Studies of user typology on the site have revealed that some users answer from personal knowledge — "specialists" — while others use external sources to construct answers — "synthesists", with synthesists tending to accumulate more reward points.

Studies of user typology on the site have revealed that some users answer from personal knowledge — "specialists" — while others use external sources to construct answers — "synthesists", with synthesists tending to accumulate more reward points. They also show that answer length is a good predictor of "best answer" choice. Answers is not very deep. Answers' reputation of being a source of entertainment rather than a fact based question and answer platform, [31] [32] and for the reliability, validity, and relevance of its answers.

A study found that Yahoo! Answers is suboptimal for questions requiring factual answers and that the quality decreases as the number of users increases.

Answers provides, particularly the persistence of inaccuracies, the inability to correct them, and a point structure that rewards participation more readily than accuracy, all indicate that the site is oriented towards encouraging use of the site, not offering accurate answers to questions. Answers itself indicate that Yahoo!

Answers attracts a large number of trolls. The site does not have a system that filters the correct answers from the incorrect answers. Answers, once the "best answer" was chosen, there was no way to add more answers nor to improve or challenge the best answer chosen by the question asker; there is a display of thumbs down or thumbs up for each answer, but viewers cannot vote.

In Aprilthis was changed to allow for additional answers after a best answer is chosen, but the best answer can never be changed. Also, while "best answers" can be briefly commented upon, the comment is not visible by default and is hence hardly read. The only required information is the past behavior of users, such as their previous transactions or product ratings.

The two primary schools of CF are 1 latent factor models, which ex- plain ratings by characterizing both items and users on factors in- ferred from rating patterns, e.

The original neighborhood methods user-user compute the relationships among users, estimating un- known ratings based on recorded ratings of like minded users [11].

An analogous alternative is the item-item approach that estimates ratings by exploiting previous ratings made by the same user on similar items [17, 20].

Answers the items e. Hence, user-user methods are more relevant to our task. We must consider such scenarios as well, since the most interesting questions are often those that did not attract mass user interactions and have not yet been an- swered in a satisfactory manner. Hence, we also resort to the other class of recommender systems techniques, namely, content analy- sis. Our method introduces a novel, symmet- ric integration of CF with CA approaches that allows exploiting behavioral signals together with user- and question-attributes.

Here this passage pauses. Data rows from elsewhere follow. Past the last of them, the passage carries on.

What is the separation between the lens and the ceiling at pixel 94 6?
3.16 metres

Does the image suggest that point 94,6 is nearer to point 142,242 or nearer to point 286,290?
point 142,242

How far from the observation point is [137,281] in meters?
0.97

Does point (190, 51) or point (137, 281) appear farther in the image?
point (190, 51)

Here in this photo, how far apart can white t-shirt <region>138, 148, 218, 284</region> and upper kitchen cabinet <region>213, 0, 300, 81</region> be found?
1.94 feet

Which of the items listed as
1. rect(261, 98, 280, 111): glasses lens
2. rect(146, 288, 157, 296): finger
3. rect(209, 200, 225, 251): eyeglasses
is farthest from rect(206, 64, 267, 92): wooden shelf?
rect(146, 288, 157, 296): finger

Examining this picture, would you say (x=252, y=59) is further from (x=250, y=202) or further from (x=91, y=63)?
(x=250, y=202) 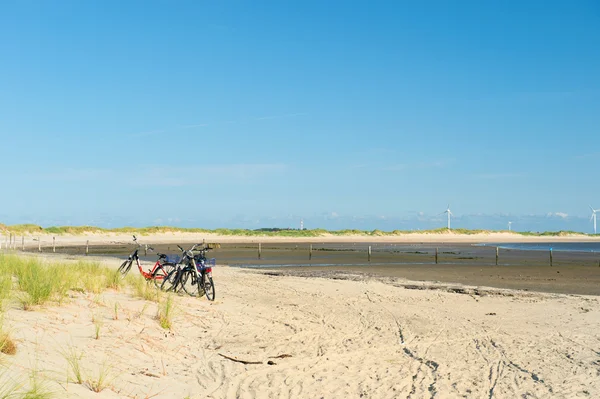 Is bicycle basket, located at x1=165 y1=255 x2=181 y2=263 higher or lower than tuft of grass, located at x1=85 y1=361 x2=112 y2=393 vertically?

Some prior works also addressed the need to combine CA with CF, sometimes known as hybrid recommenders. Among the more recent notable works are [1, 10], which are both based on latent factor models, where the factors are initialized and centered on item and user attributes.

Our approach is different. We chose not to rely on latent factor modeling for two key reasons. First, learning such a model is non-trivial when dealing with volatile questions and relatively new users. Such an approach, while being critical to success, renders the known factor models less usable, hence the need to develop an alternate methodology. Our setup requires a different treatment: Our approach is very different from ex- pert search tasks such as [18, 4] that try to identify an authoritative answer that would satisfy most; in our context the key objective is to satisfy the sole asker, in a variety of questions, some factoid but many being subjective where the notion of expertise is irrelevant.


Finally, an interesting related work deals with Google news rec- ommendation [6]. The problem there is similar to ours in terms of scalability and volatility of items with a high churn rate. The au- thors use a blend of three separate CF methods in a highly scalable fashion. We follow a different direction, in combining CA with CF, and in addressing separate types of user feedback.

Be- yond these, the task of recommending questions brings additional, less well addressed challenges, which induce the unique design cri- teria for our model.

We believe that such challenges are and will continue being typical in other recommendation scenarios, espe- cially those involving user generated content. A question may be described by textual attributes, which come from the question itself and from its answers.

Another question descriptor may be its category, as selected by the asker. It seems that incorporating different kinds of signals somehow compensates for the severe sparseness of the data. This becomes even more challenging when considering the multiple channels through which users can interact with a question, as detailed below. A second factor comes from the need to account for the multi- ple kinds of interactions of different intensities between users and questions.

When data per user and item is scarce, exploiting these diverse types of user- item interactions is vital. Yet, care should be taken when integrating different signals together, since some types of interactions should be more indicative than others. For example, we would expect that answering be a more meaningful interaction than mailing. Our ap- proach induces hundreds of interactions, so we must rely on an automated procedure for combining them together effectively.

Finally, we have a major interest in new questions, which are those requiring solicitation of answerers. Such a setup usually dedicates distinct parameters for each item, e.